> [Material provided]
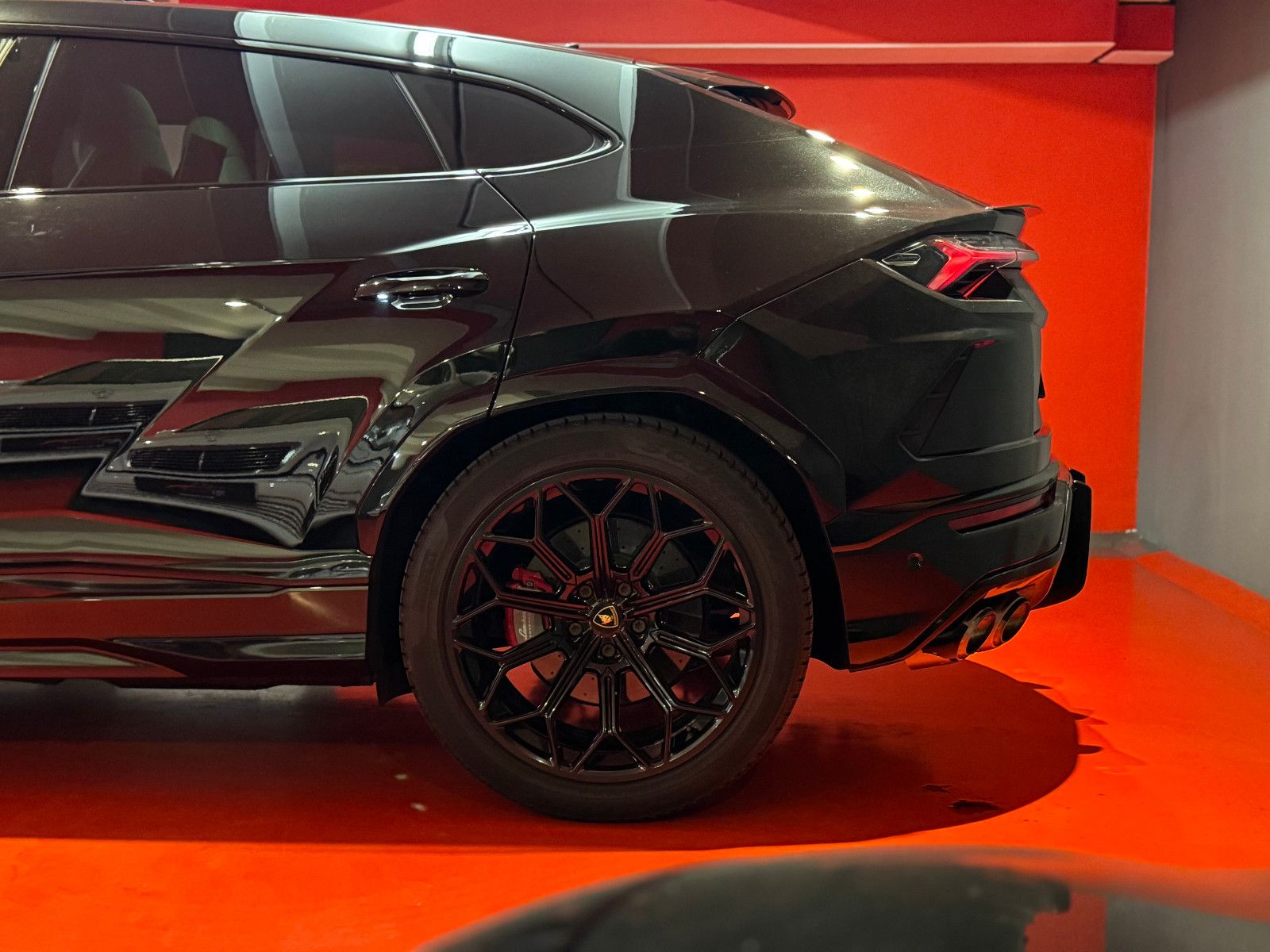 Lamborghini Urus/4.0 V8 650PS/1.HAND/PANO/22"/ALLE SERVICE! foto 4
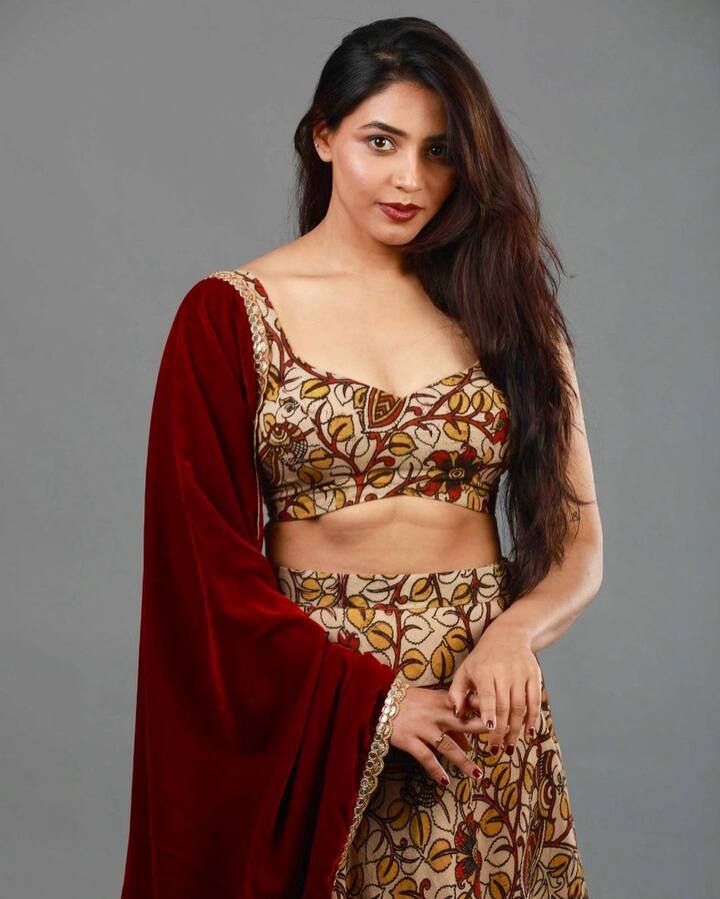 सप्तमीच्या आगामी चित्रपटांची प्रेक्षक उत्सुकतेने वाट बघत आहेत. (Sapthami Gowda/instagram)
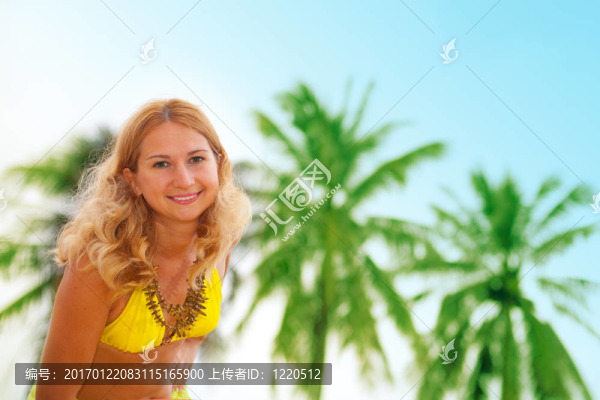 微笑的女孩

> [Brief] Only the lines from the one containing "सप्तमीच्या आगामी चित्रपटांची" through the end of the listing should be output, word for word and inclusive; keep pictures out.

> [Task response]
 सप्तमीच्या आगामी चित्रपटांची प्रेक्षक उत्सुकतेने वाट बघत आहेत. (Sapthami Gowda/instagram)
 微笑的女孩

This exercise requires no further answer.